> _DESCRIPTION OF THE TASK_
Scan the material below and copy every line holding the word "Rose".

Segment Open

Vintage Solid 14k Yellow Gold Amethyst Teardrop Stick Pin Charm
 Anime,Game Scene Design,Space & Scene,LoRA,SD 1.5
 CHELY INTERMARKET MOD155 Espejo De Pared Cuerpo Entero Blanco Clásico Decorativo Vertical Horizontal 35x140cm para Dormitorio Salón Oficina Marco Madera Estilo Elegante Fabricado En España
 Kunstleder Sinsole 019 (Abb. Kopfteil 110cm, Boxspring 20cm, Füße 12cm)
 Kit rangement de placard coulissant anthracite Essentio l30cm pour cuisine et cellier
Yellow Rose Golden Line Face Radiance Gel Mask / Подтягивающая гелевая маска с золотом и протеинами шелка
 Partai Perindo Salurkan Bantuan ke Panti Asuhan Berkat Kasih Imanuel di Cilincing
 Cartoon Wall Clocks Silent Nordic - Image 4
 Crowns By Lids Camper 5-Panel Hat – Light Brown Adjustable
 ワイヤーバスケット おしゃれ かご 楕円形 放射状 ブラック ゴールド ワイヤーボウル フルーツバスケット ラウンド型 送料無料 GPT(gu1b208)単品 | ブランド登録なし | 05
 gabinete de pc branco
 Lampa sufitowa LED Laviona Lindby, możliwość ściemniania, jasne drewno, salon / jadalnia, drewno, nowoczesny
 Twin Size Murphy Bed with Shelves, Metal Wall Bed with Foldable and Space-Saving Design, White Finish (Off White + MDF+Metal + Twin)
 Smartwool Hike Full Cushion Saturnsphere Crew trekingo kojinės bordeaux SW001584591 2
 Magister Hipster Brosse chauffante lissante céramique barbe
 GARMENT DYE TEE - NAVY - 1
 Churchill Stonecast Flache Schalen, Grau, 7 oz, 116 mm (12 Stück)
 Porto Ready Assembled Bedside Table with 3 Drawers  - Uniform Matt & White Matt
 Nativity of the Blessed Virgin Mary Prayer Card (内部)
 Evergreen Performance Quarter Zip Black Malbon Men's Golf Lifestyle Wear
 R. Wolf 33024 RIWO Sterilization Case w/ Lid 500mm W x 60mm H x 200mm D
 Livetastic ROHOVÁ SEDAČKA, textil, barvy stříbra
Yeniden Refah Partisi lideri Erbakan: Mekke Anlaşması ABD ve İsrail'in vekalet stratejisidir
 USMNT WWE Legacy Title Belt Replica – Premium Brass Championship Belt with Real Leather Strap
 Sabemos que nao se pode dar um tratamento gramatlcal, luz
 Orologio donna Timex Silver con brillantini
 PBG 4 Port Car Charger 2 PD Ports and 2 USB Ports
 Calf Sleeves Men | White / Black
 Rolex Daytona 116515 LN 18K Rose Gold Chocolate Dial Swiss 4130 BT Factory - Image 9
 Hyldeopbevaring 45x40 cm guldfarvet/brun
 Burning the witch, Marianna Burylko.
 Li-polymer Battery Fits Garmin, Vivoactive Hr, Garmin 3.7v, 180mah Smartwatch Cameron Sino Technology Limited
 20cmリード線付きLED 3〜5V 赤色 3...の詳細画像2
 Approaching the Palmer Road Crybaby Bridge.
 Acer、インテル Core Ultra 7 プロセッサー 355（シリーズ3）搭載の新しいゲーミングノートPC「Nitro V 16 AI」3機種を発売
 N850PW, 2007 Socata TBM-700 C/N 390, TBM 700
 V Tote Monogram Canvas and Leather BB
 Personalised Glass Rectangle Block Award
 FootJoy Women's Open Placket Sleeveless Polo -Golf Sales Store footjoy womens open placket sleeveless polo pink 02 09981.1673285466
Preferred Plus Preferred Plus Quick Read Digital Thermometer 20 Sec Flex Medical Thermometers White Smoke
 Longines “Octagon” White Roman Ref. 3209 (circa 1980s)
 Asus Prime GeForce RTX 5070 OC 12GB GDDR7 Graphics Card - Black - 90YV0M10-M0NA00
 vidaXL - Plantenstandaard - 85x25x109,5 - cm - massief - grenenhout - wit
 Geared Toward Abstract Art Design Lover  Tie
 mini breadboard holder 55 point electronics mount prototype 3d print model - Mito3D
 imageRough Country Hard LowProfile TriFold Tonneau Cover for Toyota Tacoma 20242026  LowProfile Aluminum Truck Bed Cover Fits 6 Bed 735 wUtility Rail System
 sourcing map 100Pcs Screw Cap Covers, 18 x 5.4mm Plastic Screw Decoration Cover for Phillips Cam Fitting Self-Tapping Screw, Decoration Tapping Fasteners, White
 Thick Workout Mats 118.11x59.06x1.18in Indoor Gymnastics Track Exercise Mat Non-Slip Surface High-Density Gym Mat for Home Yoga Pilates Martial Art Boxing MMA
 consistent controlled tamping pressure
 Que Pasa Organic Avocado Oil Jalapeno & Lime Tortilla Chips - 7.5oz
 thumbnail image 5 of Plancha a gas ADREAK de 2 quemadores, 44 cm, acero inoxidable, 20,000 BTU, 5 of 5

Segment Closed

> _RESPONSE FOR THIS EXERCISE_
Yellow Rose Golden Line Face Radiance Gel Mask / Подтягивающая гелевая маска с золотом и протеинами шелка
 Rolex Daytona 116515 LN 18K Rose Gold Chocolate Dial Swiss 4130 BT Factory - Image 9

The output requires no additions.